Assuming 6% interest or discount rate, the present value of $250 a month for 20 months ($5,000) is $4,746.85. If you pay $4,000 today, wouldn't you be saving $746.85, or an 11% annualized return?
 
good question!

Now that's a good question and that's where my geekship has some holes in it. I'm not quite up on the concept of "present value of a stream of payments." My education stops at around the IRR 101 class. I'll work on this because it's important and might come up again in some other way. Like buying discounted mortgages, etc.

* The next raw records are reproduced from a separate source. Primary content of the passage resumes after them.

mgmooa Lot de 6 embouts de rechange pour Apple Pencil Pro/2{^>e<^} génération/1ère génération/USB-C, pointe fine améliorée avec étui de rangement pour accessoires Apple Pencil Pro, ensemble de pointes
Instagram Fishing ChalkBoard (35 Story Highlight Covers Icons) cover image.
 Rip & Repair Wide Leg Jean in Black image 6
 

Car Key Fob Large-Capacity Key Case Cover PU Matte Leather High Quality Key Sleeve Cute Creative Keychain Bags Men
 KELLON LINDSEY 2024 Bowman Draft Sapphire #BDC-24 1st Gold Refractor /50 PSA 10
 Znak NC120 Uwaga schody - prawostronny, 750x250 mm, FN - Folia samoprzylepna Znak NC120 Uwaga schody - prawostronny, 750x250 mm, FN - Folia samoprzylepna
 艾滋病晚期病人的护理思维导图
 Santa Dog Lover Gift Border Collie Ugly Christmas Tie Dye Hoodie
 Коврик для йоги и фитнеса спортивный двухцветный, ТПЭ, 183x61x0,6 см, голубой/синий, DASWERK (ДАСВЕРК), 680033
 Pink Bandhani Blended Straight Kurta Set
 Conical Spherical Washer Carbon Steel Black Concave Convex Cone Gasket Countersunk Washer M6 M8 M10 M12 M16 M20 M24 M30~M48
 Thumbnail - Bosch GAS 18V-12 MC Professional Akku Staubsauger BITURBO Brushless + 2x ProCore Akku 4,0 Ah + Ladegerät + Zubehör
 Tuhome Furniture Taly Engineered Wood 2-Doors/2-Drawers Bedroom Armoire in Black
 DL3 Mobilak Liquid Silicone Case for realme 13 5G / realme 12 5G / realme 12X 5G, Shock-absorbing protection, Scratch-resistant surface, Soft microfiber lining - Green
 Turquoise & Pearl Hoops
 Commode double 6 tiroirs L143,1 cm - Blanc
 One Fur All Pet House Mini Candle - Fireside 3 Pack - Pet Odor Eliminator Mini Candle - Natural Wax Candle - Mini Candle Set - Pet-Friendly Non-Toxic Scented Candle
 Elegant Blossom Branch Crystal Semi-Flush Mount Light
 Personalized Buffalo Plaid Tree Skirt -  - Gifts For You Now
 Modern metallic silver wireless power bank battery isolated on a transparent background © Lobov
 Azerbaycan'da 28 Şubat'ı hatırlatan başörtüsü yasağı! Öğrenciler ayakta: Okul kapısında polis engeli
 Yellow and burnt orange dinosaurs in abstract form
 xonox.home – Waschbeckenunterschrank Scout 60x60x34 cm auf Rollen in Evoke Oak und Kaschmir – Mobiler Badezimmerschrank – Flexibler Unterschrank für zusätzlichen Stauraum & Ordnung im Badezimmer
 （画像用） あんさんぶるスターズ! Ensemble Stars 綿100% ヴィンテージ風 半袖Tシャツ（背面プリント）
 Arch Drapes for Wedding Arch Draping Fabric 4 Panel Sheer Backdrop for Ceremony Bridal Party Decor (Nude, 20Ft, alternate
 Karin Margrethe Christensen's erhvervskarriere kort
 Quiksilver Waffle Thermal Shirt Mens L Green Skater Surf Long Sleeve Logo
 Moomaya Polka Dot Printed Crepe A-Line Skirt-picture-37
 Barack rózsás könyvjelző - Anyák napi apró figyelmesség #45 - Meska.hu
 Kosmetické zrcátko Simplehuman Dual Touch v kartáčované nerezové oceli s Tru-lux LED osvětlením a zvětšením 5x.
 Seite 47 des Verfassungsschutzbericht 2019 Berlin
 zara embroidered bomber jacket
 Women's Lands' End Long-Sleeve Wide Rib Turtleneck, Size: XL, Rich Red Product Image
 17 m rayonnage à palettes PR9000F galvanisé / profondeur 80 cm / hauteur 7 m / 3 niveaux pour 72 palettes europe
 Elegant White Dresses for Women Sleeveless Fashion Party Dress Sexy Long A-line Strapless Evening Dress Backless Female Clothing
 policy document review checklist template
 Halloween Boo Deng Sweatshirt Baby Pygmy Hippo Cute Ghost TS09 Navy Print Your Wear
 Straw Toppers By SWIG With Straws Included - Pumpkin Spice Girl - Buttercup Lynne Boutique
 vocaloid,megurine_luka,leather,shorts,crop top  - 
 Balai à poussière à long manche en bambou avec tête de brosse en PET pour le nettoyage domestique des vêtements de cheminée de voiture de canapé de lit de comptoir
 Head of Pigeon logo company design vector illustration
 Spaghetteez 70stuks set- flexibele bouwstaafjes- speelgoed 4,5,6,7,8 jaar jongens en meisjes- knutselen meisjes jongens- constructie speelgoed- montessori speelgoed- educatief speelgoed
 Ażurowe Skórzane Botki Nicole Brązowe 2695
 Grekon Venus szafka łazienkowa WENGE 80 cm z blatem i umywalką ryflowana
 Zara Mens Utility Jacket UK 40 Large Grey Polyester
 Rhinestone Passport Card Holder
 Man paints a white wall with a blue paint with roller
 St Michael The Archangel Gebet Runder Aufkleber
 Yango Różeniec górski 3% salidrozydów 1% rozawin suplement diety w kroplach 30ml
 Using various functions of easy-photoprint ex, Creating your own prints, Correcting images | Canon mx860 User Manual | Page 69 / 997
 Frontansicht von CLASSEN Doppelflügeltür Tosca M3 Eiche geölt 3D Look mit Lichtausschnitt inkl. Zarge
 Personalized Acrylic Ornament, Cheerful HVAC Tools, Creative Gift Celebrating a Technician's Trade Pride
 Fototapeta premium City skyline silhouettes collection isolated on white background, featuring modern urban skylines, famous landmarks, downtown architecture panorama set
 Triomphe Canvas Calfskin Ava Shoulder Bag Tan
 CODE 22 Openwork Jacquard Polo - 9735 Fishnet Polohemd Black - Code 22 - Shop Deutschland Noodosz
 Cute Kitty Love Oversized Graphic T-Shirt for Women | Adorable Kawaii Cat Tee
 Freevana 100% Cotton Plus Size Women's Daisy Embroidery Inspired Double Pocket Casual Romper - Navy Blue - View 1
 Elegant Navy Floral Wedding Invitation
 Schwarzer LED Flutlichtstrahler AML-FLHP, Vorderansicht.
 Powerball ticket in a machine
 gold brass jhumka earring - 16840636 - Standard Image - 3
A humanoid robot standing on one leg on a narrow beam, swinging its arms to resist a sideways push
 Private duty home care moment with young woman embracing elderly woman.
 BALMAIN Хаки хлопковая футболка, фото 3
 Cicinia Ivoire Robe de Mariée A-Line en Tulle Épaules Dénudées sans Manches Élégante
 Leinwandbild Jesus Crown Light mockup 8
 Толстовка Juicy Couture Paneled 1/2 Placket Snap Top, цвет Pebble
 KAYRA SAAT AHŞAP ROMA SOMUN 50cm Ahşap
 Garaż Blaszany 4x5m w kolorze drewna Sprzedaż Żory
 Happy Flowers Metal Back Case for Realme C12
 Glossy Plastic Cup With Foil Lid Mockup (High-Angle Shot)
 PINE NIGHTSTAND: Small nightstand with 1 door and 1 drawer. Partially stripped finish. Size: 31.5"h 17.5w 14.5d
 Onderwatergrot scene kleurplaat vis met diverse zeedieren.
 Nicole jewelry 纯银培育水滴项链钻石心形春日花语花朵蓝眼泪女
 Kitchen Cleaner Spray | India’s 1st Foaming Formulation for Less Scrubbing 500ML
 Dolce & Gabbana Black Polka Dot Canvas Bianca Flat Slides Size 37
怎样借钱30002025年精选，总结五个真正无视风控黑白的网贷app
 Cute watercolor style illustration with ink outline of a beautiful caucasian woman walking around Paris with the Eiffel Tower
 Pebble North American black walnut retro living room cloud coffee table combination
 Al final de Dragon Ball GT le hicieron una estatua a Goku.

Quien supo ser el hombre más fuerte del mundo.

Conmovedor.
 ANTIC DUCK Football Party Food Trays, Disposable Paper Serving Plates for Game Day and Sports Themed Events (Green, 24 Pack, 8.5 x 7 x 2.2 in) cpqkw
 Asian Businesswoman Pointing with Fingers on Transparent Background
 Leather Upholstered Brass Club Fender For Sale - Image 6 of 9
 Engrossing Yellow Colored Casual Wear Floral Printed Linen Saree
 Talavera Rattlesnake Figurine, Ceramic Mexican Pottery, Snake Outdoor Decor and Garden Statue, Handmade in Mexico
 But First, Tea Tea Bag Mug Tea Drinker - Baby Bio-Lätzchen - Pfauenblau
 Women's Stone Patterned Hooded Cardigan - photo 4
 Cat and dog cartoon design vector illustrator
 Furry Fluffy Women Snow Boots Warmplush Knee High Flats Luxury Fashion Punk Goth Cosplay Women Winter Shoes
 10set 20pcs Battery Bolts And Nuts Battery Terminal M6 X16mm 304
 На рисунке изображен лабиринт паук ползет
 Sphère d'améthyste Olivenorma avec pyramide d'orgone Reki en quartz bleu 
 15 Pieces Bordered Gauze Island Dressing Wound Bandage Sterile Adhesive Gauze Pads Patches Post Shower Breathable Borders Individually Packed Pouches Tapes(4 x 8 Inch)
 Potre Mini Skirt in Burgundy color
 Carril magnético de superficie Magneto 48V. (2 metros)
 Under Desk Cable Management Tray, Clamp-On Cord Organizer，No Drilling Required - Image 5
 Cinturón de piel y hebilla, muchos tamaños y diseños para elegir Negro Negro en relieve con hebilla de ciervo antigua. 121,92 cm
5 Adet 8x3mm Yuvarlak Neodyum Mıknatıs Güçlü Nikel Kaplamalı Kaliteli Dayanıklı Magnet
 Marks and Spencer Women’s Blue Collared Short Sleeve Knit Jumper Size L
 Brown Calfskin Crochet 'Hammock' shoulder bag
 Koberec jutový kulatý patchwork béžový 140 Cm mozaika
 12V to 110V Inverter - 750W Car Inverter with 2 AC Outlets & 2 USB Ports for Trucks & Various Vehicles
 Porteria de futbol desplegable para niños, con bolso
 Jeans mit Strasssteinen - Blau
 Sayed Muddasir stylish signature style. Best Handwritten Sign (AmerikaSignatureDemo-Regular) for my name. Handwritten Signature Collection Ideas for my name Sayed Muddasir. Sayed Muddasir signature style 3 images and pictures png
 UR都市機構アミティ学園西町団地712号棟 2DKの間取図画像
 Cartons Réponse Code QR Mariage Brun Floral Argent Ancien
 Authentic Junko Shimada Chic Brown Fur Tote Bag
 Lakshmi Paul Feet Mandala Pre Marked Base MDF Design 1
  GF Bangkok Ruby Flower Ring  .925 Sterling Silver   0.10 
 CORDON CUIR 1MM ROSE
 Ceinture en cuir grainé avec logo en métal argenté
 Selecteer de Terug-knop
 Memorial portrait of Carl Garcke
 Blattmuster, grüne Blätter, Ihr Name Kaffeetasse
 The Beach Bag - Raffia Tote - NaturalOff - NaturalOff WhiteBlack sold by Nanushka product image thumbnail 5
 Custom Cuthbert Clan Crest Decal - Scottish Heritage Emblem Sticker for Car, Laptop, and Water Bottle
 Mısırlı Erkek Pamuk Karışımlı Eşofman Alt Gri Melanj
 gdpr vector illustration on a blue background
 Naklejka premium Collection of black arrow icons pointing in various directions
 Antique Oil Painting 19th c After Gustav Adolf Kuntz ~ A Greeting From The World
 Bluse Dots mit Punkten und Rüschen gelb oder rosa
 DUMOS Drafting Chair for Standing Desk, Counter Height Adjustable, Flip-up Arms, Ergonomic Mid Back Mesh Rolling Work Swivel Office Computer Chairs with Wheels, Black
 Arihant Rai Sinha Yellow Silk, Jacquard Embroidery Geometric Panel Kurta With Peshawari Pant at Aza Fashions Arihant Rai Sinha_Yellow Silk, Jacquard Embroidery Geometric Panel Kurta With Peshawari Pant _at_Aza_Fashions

thank you for taking the time.
 
It's an IRR calculation:

PV = $4,000
FV = 0
PMT = $250
N = 20 months

IRR = 2.22% per month, or 26.7% annualized

In other words, you would need to invest the $4,000 at an annual rate of return of 26.7% to generate the payment stream to retire the $5,000 debt in 20 months.

If you paid $200 per month for 25 months, you would need to earn 21.5% annual on the $4,000 to generate the required payment stream.
 
IRR is the best method, but if that 21.5% required return is not convincing, how 'bout this simplistic approach. Assuming you hold on to $5000 at even 2% (not easy today), and pay $250/month from other sources:
After 20 months debt is paid off and you'll have ~$5170 in the bank.
Or, withdraw $4000, and deposit $250/month back into the account. After 20 months, you'd have ~$6275 in the bank.
No matter how you slice it, accepting that discount offer is a clear-cut winner.
 
thank you

Thanks so much all of you. I need to go to the next level in my "financial analysis" skills. Take care and be well.